Apart from the pictures, the listing is to be returned exactly.

▸ DATASET EXTRACT
*** Block opens ***

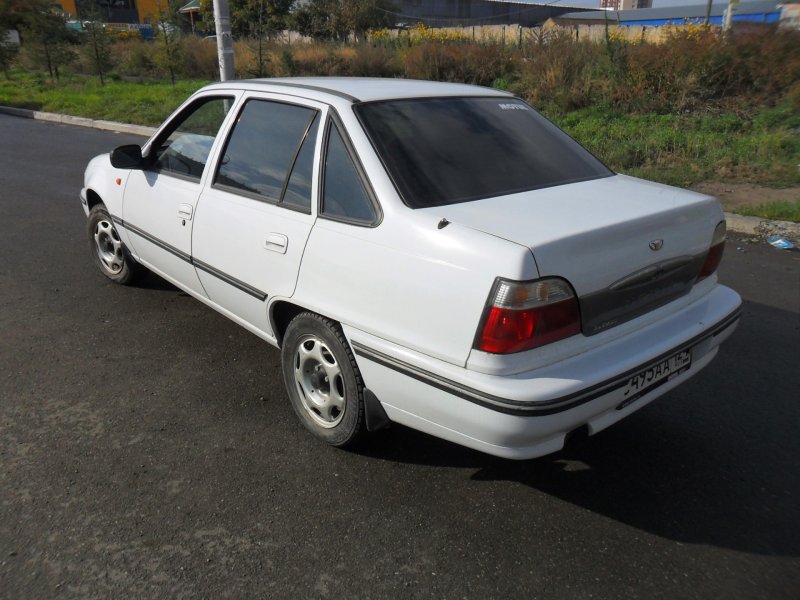 Daewoo Nexia белая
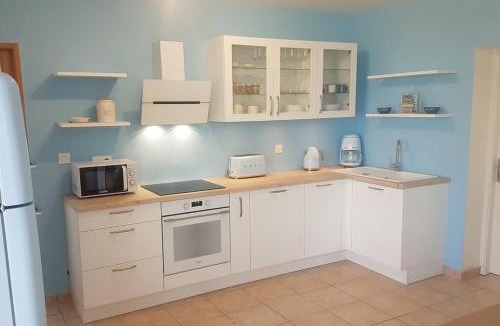 Evian-les-Bains Apartment | La MAISON BLEUE, Smeg Bleu azur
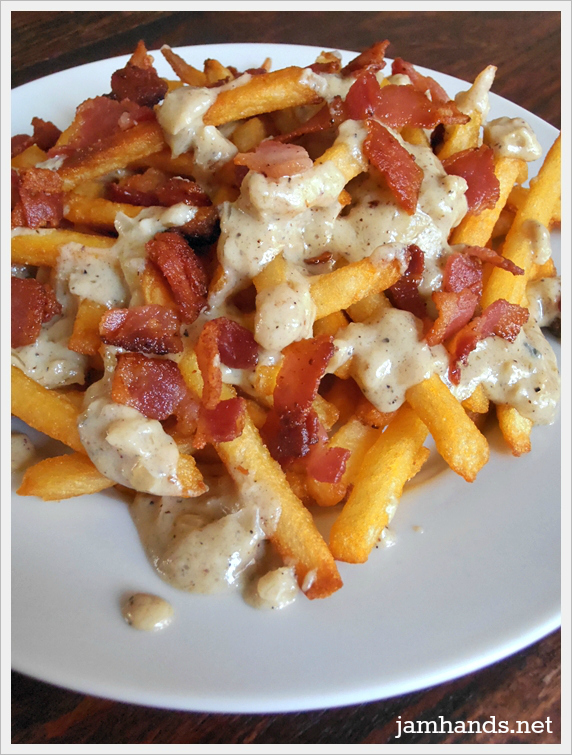 Jam Hands Crispy Fries with Bacon and Blue Cheese Sauce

*** Block closes ***

▸ EXERCISE ANSWER
 Daewoo Nexia белая
 Evian-les-Bains Apartment | La MAISON BLEUE, Smeg Bleu azur
 Jam Hands Crispy Fries with Bacon and Blue Cheese Sauce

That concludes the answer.